Retirement might be years away when couples in Georgia decide to end their marriages. Their savings for retirement, however, will generally be counted as marital assets whether they are held in individual accounts or employer-sponsored plans. Accessibility of funds, penalties for early withdrawal and impacts on Social Security benefits all need to be considered by people negotiating their split.
Individual retirements accounts by their nature only have one name on them, but accounts established during the marriage will be evaluated during a divorce. When negotiating the division of assets, these accounts cannot be distributed without tax penalties prior to the account holder reaching age 59-1/2. Divisions made to workplace pension plans and 401(k) accounts must be executed with a qualified domestic relations order. The advice of a financial adviser knowledgeable about retirement accounts as well as an attorney is often beneficial when preparing this document.
Marriages of more than 10 years raise issues about Social Security benefits after a divorce. A person might have the right to draw upon half of an ex-spouse's benefits. In some cases, this amount might be higher than what the person would have received based solely on his or her earning record.

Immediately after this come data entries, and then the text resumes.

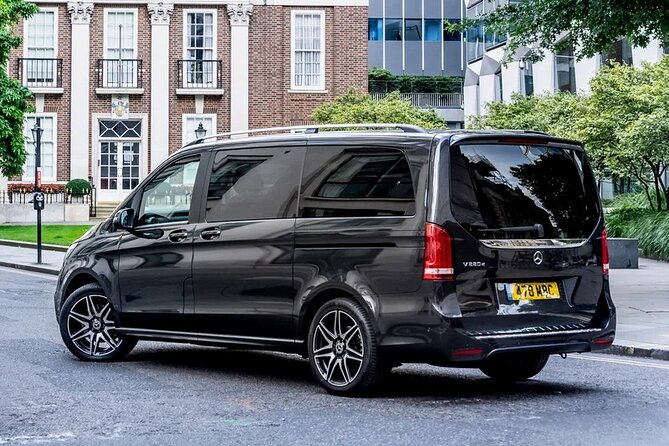 Arrival Transfer Valencia Airport VLC to Valencia City by Minivan - Pickup At VLC: How You Actually Find Your Driver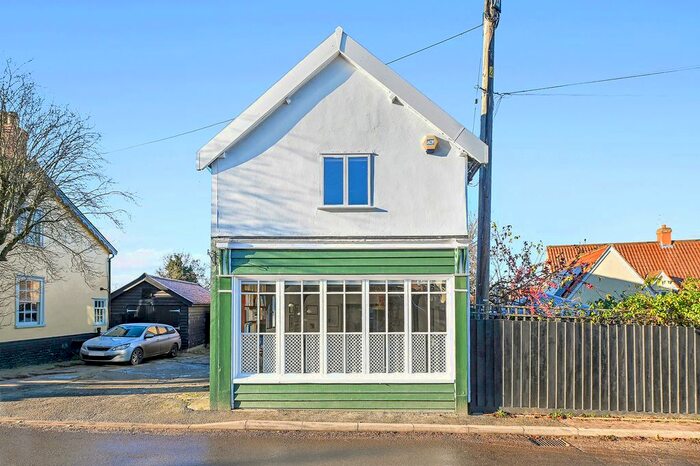 2 Bedroom Detached House For Sale In Coddenham, Ipswich, Suffolk, IP6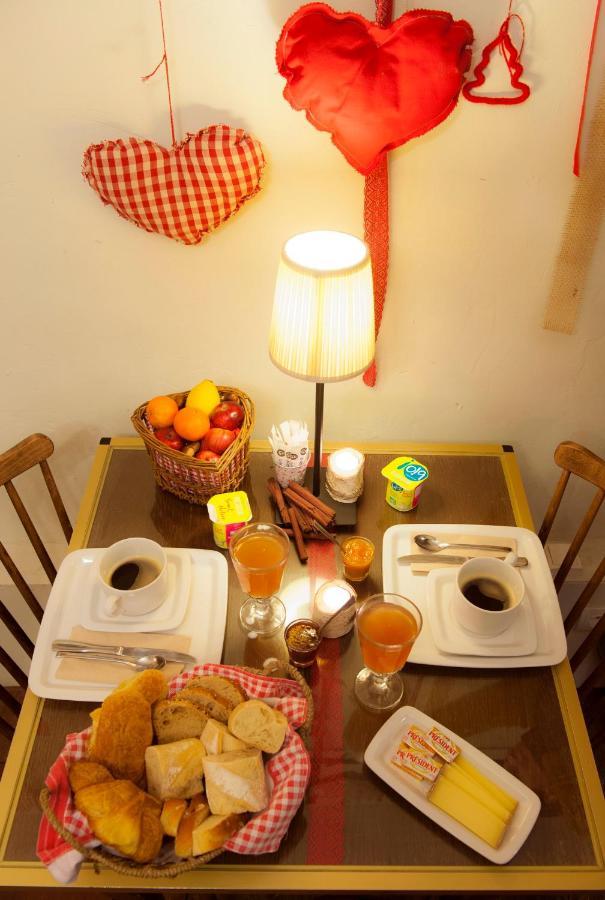 Chez Myriam Bed And Breakfast Studio Parme Colmar Luaran gambar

Because retirement accounts might contain substantial funds, emotions could run high for a person confronted by the need to give half to a former partner. Legal advice could help a person understand how family law directs these divisions. An attorney could recommend tradeoffs during property division negotiations that might reduce financial strain now and in the future. Retirement accounts that must be held until certain ages might be exchanged for liquid assets that a departing spouse can cash out now.